I’ve truly enjoyed the various interpretations of the poem’s images and of the poetic strategies I took in writing the poem. Some of them are not really the ones I intended, but I am not at all bothered by that, but rather intrigued at how readers create their own text from what is presented to them and what is their own experience and knowledge.

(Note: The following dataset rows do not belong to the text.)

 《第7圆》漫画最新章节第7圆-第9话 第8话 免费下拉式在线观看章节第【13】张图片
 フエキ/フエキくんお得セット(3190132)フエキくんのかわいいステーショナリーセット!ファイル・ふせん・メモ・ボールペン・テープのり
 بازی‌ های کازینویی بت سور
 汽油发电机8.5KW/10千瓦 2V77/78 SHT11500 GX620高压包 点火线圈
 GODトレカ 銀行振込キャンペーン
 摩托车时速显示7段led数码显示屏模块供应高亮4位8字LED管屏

Many of my initial choices – words, phrasing, images, slant or near-rhymes – are initially made instinctually, without considering precisely how they sound or how they build towards a coherent and musical whole. I see it as the task of successive revisions to bring each of these choices to a conscious level, to make all the elements of the poem work together, to weigh and balance all these elements, to discard the parts that don’t contribute or that, well, klunk. So it’s interesting to see how Cyndi has taken the poem apart, like a small mechanical thing, to see how it works – and I must say I’ve learned a few things from how she’s done it.

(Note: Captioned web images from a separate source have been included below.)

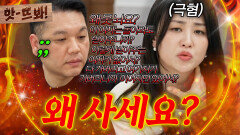 앗! ＂진짜 찌질한 사람이에요＂ 박하선한테 욕 때려먹은(?) 진실공방 남편| 이혼숙려캠프 | JTBC 260709 방송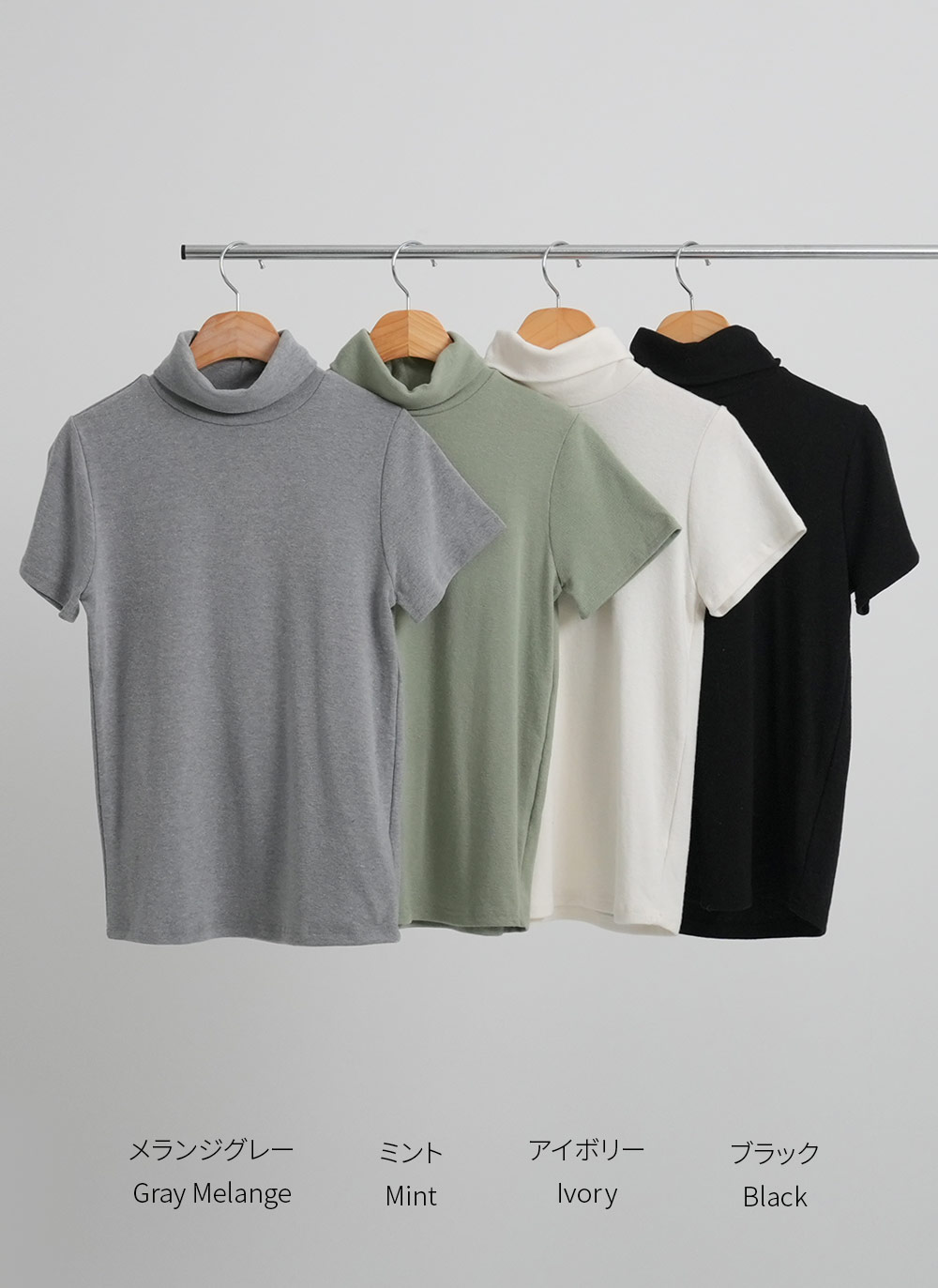 ピーチ起毛アンゴラ混タートル半袖Tシャツ | 詳細画像9
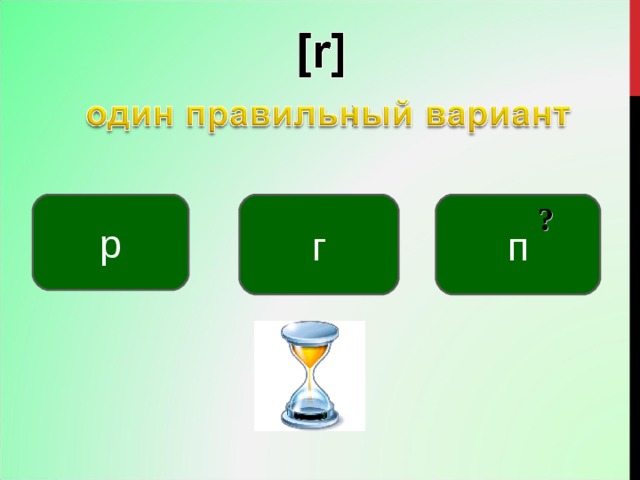 р п г ? 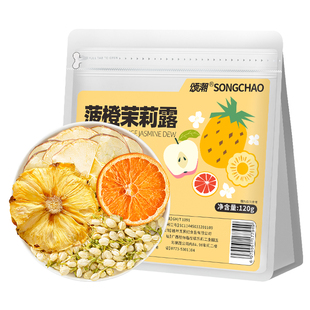 果茶香橙菠萝茉莉花茶水果茶花果茶泡水茶包冷泡茶花茶冲泡水果茶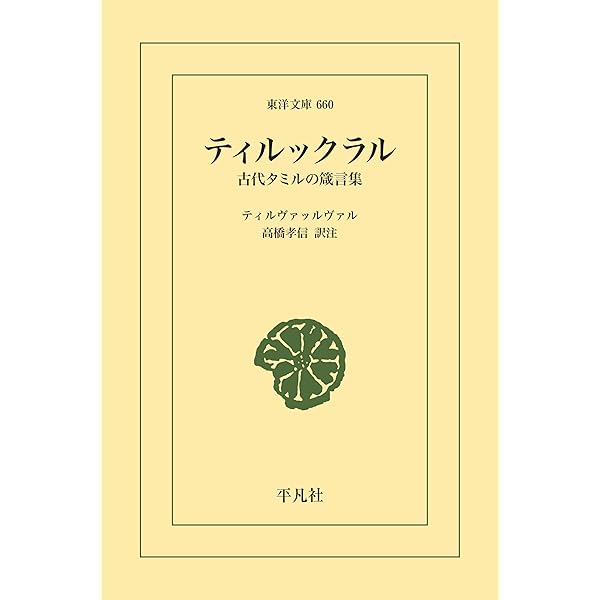 Amazon.co.jp: 神道集 (東洋文庫0094) eBook : 貴志 正造: 本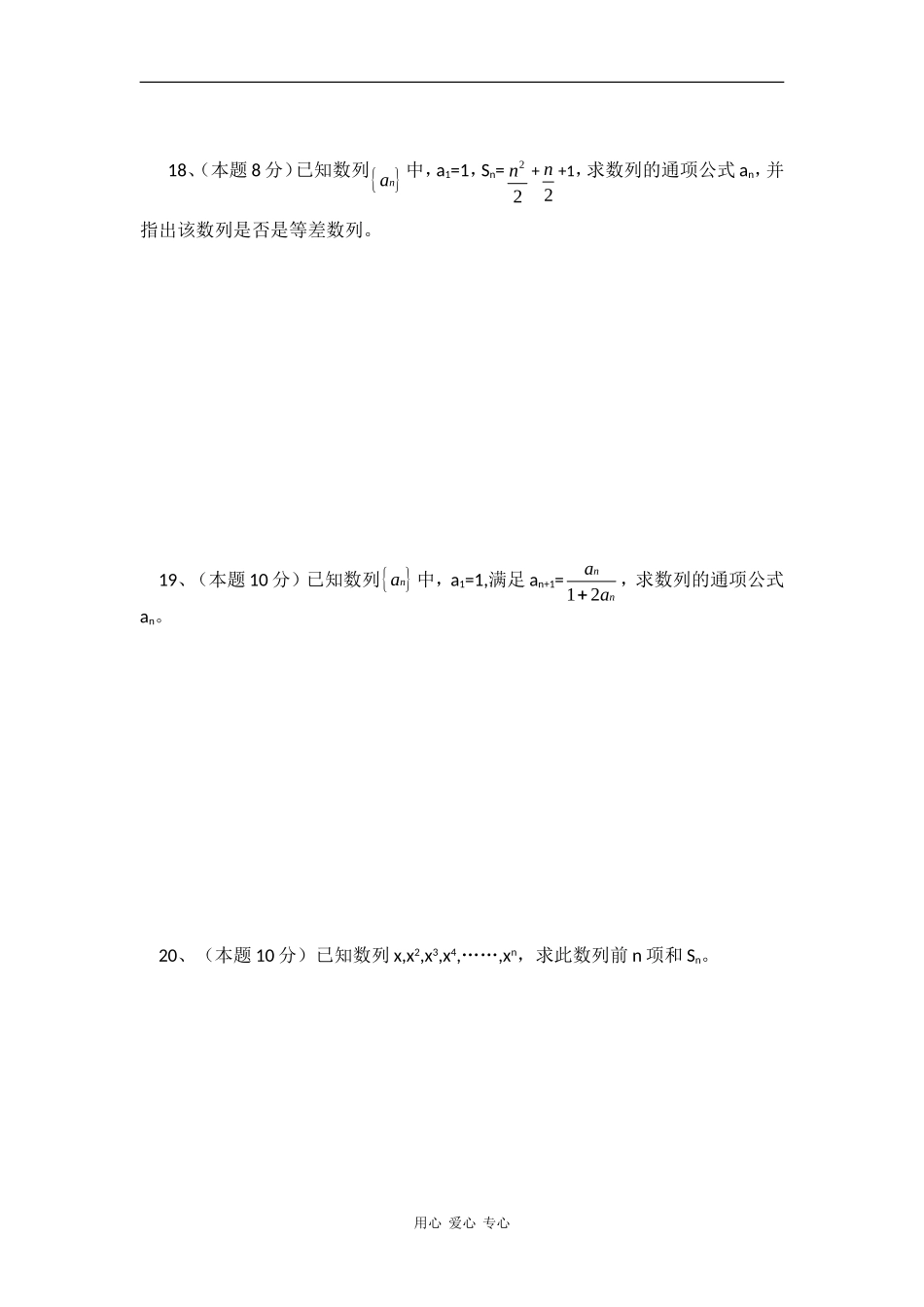 甘肃省兰州市08-09学年高一数学上学期期末考试_第3页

I’ve always been drawn to the historical realities of the scriptoria, those mediaeval and pre-mediaeval sites where Biblical and religious texts and missals were copied and sometimes illuminated. Mostly because of my heritage, I’ve been especially drawn to the history of those working their lifetimes away in mediaeval Ireland’s scriptoria.
I’ve also always understood this work to be exclusively done by men, and this to be another arena of work that excluded women (so it was interesting to me that Cyndi tracked down a reference to a woman who had done this work!).
So when I ran across this section in Ann Waldman’s suite of poems, “Matriot Acts”:
“…be that little girl with her tiny instruments who investigates the magnificent cosmos be next to her as she works overtime in the scriptorium…”
I must say my blood sort of raced, imagining a little girl, or a woman, doing the demanding work of illumination, especially when I read that invocation to the reader to “be her,” and to “be next to her.” (http://www.highbeam.com/doc/1G1-203232614.html). Hence the image of the empty stool in the final line – that is the place I imagine the reader is taking, beside the scribe, to read and write with her.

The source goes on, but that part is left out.